Onlangs zei je nog : ‘Ik wil niet mijn hele leven in het wielrennen blijven hangen.’ Waarom niet ?

“Omdat ik vind dat er meer in het leven is dan de fiets alleen. Ik heb gestudeerd en ik heb dat niet enkel voor dat papiertje gedaan. Communicatie interesseert me echt en ik zou graag ooit in de marketing terechtkomen. Liefst in de sport, voetbal of wielrennen. Zo blijf je natuurlijk ook in het wereldje, maar ik zie mezelf later bijvoorbeeld niet als ploegleider. Met alle respect voor diegenen die dat wel willen doen, maar ik vind dat ik meer in mijn mars heb dan dat.”

Je hebt een bredere blik dan veel van je collega’s.

“Ik heb enorm genoten van mijn studententijd en ik ben heel blij dat ik die periode heb meegemaakt.

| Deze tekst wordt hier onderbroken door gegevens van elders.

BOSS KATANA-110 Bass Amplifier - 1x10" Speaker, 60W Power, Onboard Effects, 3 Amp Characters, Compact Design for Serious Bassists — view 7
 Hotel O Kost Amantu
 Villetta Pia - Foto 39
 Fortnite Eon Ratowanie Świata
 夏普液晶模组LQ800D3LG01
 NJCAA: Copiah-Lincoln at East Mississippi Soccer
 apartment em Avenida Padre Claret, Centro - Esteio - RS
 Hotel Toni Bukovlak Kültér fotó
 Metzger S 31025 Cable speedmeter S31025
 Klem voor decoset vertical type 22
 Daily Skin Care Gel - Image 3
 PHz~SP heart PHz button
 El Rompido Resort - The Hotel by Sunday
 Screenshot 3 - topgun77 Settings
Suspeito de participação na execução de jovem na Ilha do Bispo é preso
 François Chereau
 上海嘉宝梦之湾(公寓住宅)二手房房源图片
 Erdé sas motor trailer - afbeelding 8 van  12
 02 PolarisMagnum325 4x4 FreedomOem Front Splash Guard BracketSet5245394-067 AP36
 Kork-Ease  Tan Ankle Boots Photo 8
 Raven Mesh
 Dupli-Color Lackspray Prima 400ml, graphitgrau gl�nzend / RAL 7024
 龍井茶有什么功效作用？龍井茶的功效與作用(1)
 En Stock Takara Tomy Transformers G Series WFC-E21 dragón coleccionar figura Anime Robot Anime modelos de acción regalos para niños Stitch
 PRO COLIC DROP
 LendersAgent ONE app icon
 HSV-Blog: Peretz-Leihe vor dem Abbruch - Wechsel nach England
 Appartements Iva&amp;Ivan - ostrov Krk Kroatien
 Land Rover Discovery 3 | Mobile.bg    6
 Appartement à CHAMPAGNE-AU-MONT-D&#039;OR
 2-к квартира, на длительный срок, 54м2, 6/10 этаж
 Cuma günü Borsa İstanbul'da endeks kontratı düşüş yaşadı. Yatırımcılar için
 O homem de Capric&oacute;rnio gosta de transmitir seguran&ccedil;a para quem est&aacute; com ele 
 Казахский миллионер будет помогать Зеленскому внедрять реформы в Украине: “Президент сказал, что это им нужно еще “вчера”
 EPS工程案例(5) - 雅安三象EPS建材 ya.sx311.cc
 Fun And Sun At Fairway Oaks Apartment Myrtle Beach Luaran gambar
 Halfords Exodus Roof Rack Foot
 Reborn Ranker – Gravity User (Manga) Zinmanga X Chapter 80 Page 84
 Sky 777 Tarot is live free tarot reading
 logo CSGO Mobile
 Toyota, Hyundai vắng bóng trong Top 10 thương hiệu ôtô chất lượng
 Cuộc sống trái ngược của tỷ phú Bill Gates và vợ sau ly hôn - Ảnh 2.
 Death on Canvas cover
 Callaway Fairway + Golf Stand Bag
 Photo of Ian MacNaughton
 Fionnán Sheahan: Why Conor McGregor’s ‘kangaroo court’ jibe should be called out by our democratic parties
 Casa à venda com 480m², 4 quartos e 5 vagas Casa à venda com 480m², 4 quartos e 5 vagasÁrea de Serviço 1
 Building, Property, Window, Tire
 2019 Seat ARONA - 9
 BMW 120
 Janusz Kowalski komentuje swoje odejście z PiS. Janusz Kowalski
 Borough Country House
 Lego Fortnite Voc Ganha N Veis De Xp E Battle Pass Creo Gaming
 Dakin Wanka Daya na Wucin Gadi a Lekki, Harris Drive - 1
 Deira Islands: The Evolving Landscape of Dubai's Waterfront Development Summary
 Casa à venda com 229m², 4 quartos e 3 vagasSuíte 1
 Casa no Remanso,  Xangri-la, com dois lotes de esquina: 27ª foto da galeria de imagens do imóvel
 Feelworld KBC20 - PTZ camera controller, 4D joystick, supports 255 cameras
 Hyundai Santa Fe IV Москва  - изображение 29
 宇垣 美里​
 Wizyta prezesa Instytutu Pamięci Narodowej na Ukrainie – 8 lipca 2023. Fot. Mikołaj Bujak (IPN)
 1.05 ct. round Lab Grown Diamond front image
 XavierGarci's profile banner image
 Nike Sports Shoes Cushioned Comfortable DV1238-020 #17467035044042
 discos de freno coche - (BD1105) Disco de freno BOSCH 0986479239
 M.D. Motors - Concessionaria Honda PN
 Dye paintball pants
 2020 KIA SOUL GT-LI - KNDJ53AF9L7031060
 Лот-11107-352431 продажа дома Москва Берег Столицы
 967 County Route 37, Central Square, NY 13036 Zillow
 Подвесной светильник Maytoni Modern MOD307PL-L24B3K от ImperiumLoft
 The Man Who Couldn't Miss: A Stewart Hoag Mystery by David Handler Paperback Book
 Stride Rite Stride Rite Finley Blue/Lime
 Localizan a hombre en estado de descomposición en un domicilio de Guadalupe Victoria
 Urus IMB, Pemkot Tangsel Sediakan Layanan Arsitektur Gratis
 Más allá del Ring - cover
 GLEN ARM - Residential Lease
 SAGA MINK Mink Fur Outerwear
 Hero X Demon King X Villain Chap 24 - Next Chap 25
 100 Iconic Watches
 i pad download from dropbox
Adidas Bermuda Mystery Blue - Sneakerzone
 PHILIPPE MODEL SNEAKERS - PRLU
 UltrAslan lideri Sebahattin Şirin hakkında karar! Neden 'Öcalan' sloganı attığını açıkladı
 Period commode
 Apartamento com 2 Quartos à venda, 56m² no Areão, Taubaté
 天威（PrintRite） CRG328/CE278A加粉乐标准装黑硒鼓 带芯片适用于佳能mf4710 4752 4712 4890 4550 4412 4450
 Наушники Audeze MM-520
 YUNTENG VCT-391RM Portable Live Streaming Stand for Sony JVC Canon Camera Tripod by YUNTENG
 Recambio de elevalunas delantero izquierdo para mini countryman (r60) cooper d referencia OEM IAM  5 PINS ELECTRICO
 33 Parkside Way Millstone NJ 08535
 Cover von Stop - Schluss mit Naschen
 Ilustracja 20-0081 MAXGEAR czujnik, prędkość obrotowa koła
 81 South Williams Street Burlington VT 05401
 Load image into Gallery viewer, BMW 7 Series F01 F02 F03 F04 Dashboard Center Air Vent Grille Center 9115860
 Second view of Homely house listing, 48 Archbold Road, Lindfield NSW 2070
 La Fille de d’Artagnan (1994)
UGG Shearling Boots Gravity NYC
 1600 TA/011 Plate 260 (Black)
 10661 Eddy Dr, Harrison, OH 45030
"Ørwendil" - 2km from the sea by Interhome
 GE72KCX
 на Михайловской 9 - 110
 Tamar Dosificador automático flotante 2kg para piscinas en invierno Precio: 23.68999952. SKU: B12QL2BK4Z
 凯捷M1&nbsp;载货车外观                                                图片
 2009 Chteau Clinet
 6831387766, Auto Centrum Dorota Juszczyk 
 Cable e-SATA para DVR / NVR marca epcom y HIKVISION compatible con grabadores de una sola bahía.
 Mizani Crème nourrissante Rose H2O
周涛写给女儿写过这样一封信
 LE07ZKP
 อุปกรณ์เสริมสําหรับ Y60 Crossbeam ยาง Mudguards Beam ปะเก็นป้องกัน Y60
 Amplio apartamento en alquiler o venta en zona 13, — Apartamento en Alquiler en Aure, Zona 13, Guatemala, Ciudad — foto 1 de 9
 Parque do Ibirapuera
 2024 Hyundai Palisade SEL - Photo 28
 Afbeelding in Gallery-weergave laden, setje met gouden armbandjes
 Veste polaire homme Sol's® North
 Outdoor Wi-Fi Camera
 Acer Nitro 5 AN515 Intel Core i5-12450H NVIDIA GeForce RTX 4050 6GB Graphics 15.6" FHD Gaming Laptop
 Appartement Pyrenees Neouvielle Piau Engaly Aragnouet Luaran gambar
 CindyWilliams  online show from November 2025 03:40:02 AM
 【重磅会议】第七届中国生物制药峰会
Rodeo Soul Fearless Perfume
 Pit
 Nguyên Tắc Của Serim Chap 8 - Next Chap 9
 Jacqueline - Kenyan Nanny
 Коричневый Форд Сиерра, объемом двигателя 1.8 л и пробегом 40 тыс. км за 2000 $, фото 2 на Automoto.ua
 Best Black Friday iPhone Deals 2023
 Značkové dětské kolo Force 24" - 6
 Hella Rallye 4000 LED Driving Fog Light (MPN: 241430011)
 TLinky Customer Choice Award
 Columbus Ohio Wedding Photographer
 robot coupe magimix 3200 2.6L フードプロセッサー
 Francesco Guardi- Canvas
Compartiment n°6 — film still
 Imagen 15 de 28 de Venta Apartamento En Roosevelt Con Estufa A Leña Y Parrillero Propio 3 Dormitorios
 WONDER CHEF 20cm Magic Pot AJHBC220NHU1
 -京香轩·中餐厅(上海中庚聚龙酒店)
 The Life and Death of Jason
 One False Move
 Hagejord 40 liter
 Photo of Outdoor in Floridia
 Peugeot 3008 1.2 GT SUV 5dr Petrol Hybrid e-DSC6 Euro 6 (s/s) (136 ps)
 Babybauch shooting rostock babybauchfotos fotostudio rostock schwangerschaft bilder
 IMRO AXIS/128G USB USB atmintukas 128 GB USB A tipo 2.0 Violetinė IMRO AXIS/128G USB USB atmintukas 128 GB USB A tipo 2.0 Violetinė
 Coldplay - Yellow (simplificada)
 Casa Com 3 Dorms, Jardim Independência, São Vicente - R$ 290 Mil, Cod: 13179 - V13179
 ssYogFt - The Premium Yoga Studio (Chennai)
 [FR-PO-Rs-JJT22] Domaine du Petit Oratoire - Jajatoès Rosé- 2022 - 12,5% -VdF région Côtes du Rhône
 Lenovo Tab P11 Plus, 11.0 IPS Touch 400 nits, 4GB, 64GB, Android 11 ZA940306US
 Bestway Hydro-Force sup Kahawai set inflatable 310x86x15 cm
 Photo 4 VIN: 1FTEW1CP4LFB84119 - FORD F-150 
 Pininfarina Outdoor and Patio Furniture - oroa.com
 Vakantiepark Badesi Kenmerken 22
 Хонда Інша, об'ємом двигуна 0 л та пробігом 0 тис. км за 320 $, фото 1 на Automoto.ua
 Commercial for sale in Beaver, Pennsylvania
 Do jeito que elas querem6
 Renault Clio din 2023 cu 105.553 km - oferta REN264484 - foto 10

Het is een bagage die je je hele leven meedraagt. Ik vind niet dat je slimmer bent dan de rest omdat je een papiertje in je handen hebt, maar je krijgt er wel een bepaalde levenservaring mee. Je hebt meer een open blik. Ik heb dat trouwens ook altijd van thuis uit meegekregen : voetjes op de grond, niet zweven, respect voor een ander. Ik ben mijn ouders heel dankbaar voor de waarden die ze me meegaven. Voor mij is er meer dan dat ding op twee wielen.”